Use is subject to license terms.
Assembled 24 March 2008

globalzone #ifconfig ce0 plumb

STEP 2 - Install Solaris 9 Container Application 1.0

I uploaded the file s9containers-1_0-rr-solaris10-sparc.tar.gz to my home directory. Followed by which i gave the below commands to install the application.

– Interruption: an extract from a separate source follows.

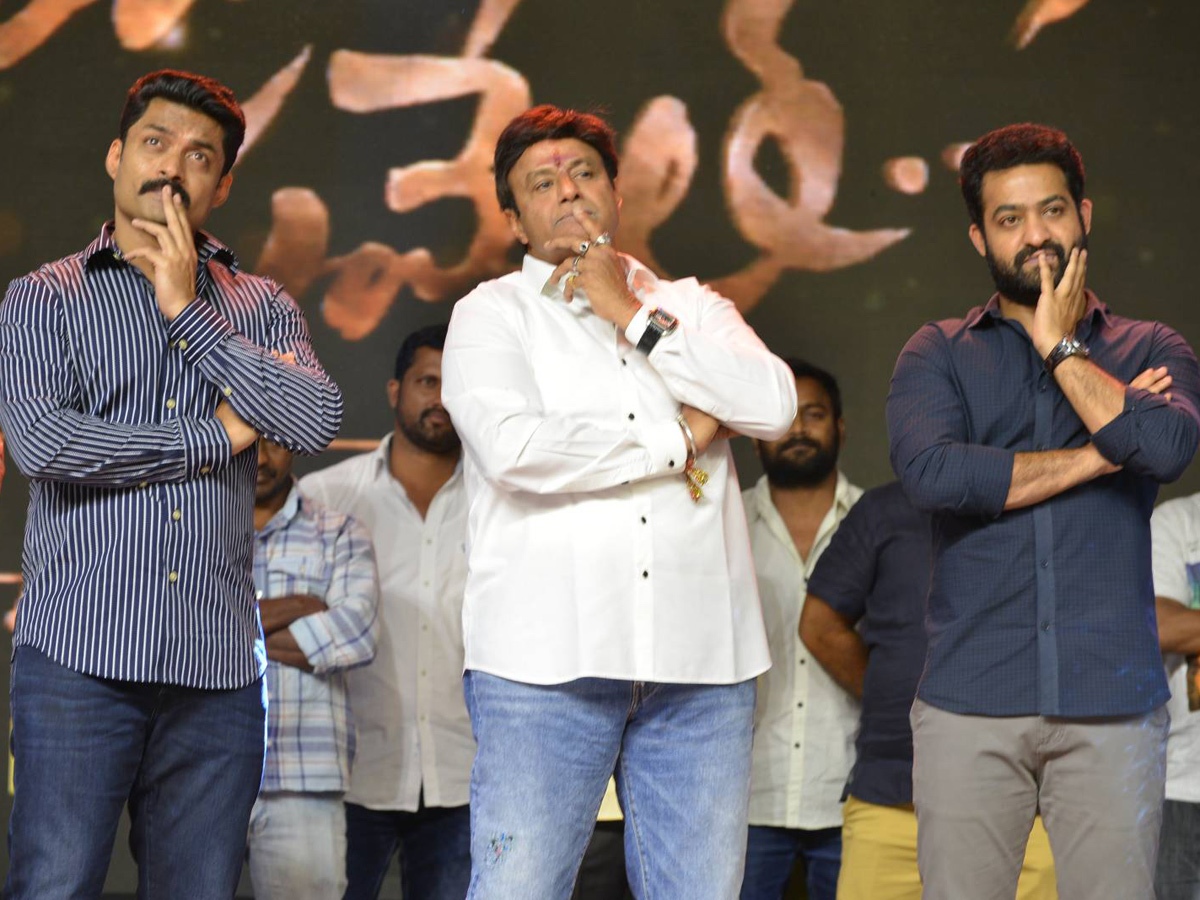 Aravindha Sametha Success Meet Stills Photo Gallery - Sakshi24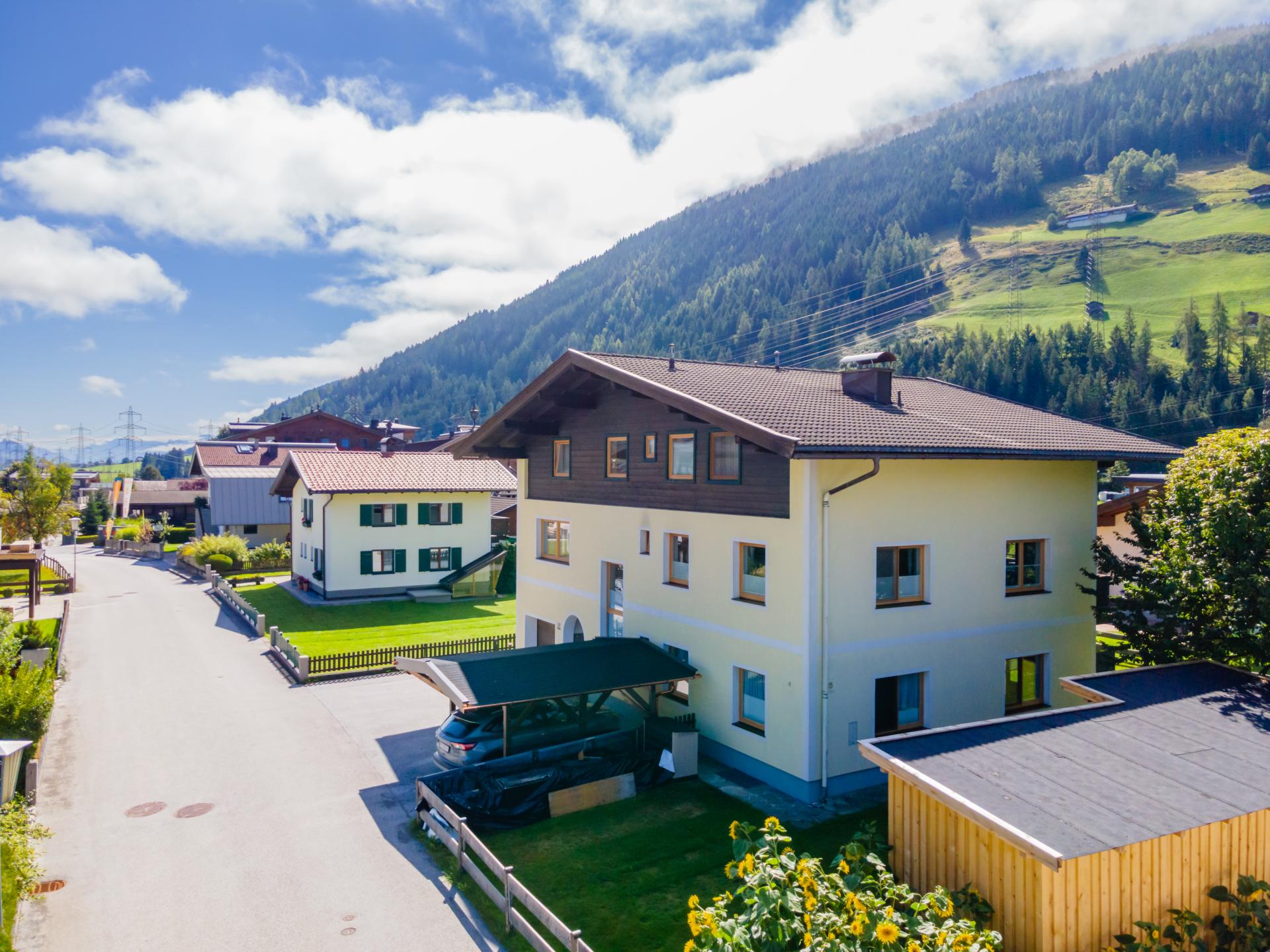 4-persoons modern appartement aan de piste in Mittersill - foto 23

globalzone # gunzip s9containers-1_0-rr-solaris10-sparc.tar.gz
globalzone # tar -xvf s9containers-1_0-rr-solaris10-sparc.tar
globalzone # cd ./s9containers-1_0-rr/Product
globalzone # pkgadd -d ./

The following packages are available:
1 SUNWs9brandk Solaris 9 Containers: solaris9 brand support RTU
(sparc) 11.10.0,REV=2008.04.24.03.37
2 SUNWs9brandr Solaris 9 Containers: solaris9 brand support (Root)
(sparc) 11.10.0,REV=2008.04.24.03.37
3 SUNWs9brandu Solaris 9 Containers: solaris9 brand support (Usr)
(sparc) 11.10.0,REV=2008.04.24.03.37

Select package(s) you wish to process (or 'all' to process
all packages). (default: all) [?,??,q]:

(select all and accept all the default parameters. the installation was successful.)

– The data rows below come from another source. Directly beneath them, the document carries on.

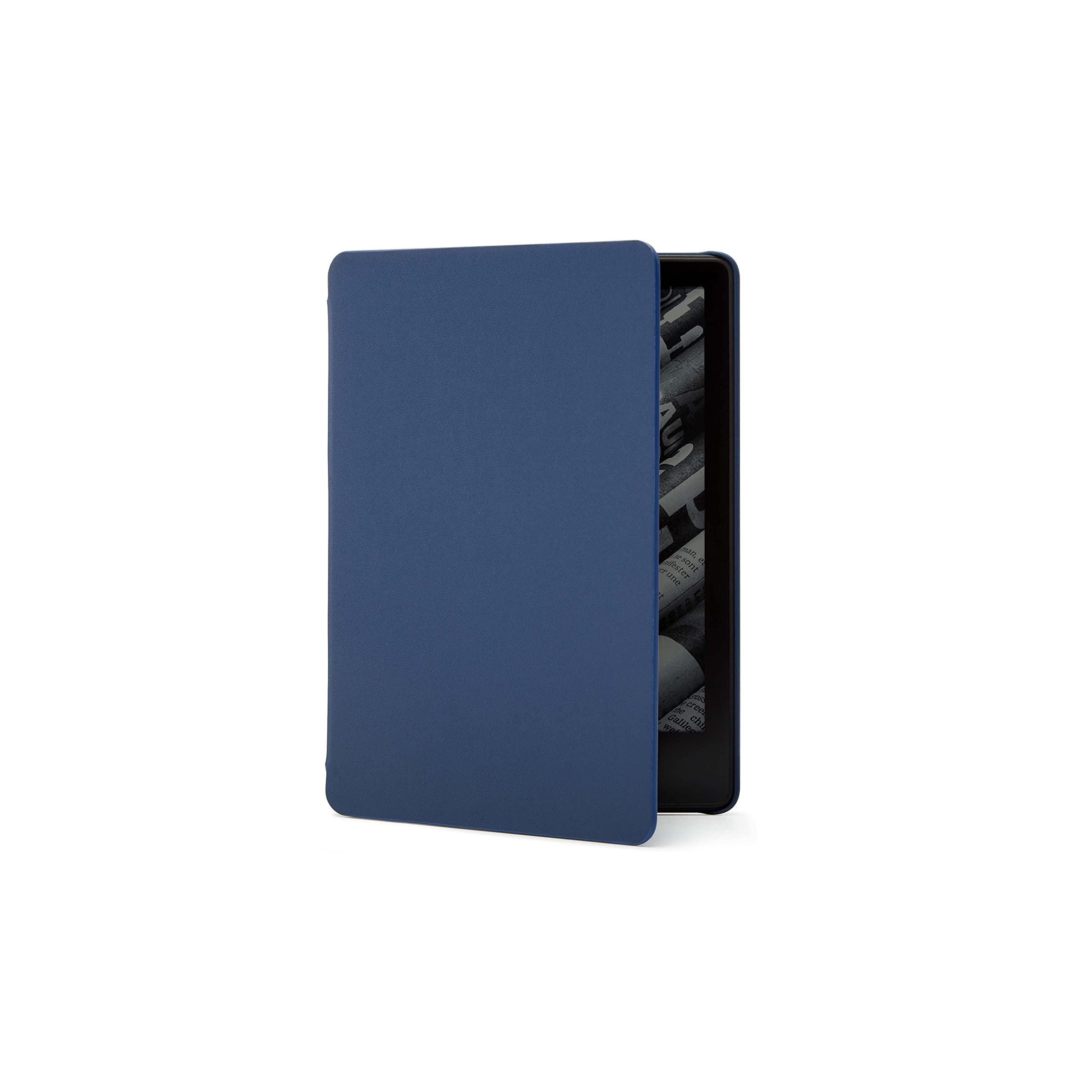 NuPro Book Cover for Kindle Paperwhite, Blue (11th Gen; 2021 release)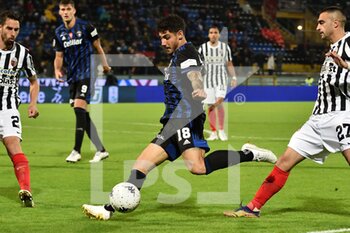 2021-11-01 - Giuseppe Mastinu (Pisa) - AC PISA VS ASCOLI CALCIO - ITALIAN SERIE B - SOCCER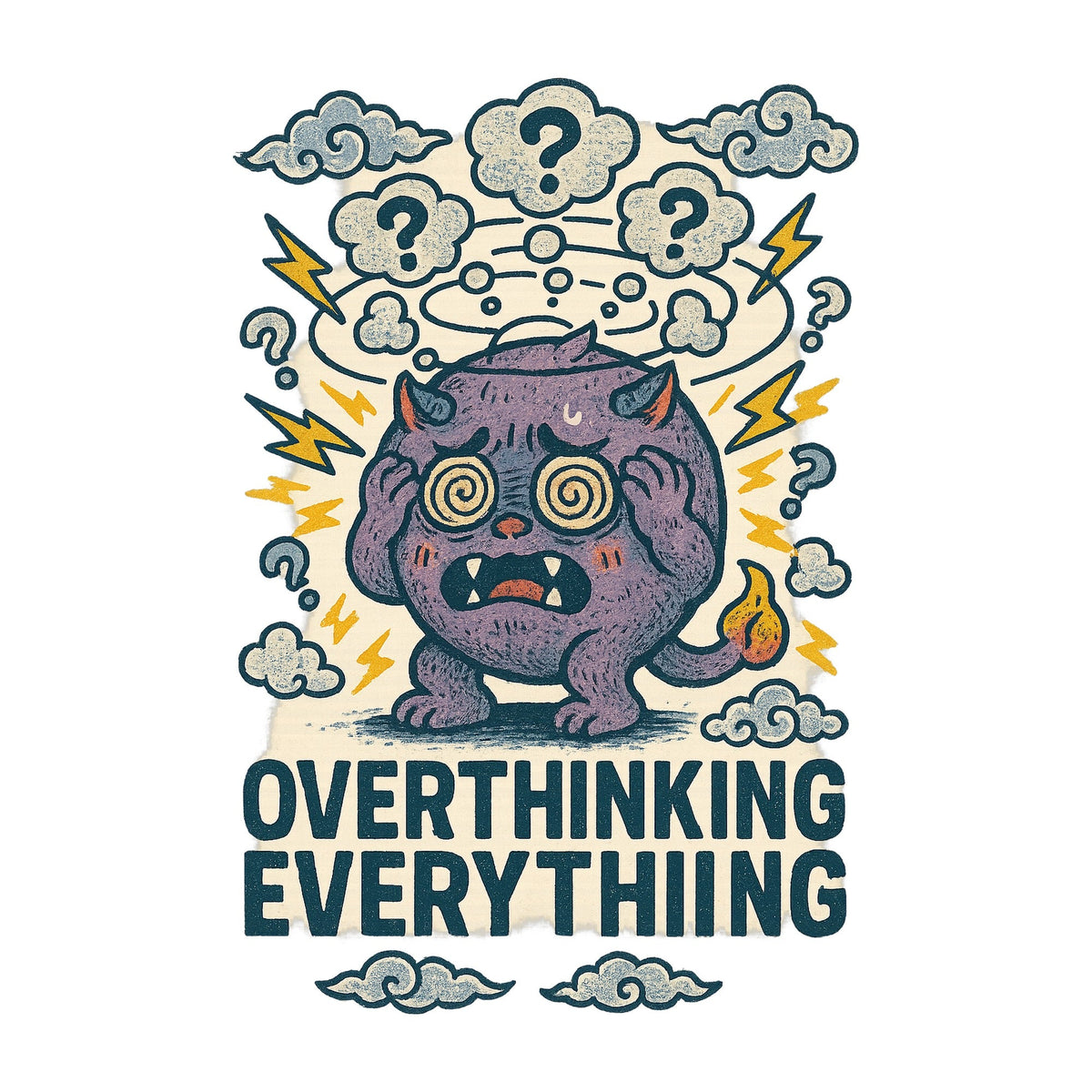 Overthinking Yokai product image 3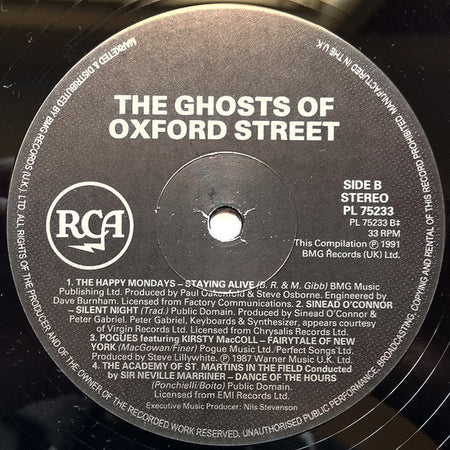 Various : The Ghosts Of Oxford Street (LP, Comp)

STEP 3 - Create Solaris 9 branded zone

After the system booted, i followed the below commands to create a branded solaris 9 zone.

globalzone # zonecfg -z solaris9
solaris9: No such zone configured
Use 'create' to begin configuring a new zone.
zonecfg:solaris9> create -b
zonecfg:solaris9> set brand=solaris9
zonecfg:solaris9> set autoboot=false
zonecfg:solaris9> set zonepath=/zones/solaris9
zonecfg:solaris9> add net
zonecfg:solaris9:net> set physical=ce0
zonecfg:solaris9:net> set address=10.10.8.91/24
zonecfg:solaris9:net> end
zonecfg:solaris9> info
zonename: solaris9
zonepath: /zones/solaris9
brand: solaris9
autoboot: false
bootargs:
pool:
limitpriv:
scheduling-class:
ip-type: shared
net:
address: 10.10.8.91/24
physical: ce0
zonecfg:solaris9> verify
zonecfg:solaris9> commit
zonecfg:solaris9> exit

STEP 4 - Installed Solaris 9 on the Branded Zone

I uploaded the file solaris9-image.flar to my home directory and performed the below commands to Install solaris 9 zone.

globalzone # zoneadm -z solaris9 install -u -a /export/home/vishal/solaris9-image.flar
Log File: /var/tmp/solaris9.install.846.log
Source: /export/home/vishal/solaris9-image.flar
Installing: This may take several minutes...

Postprocessing: This may take several minutes...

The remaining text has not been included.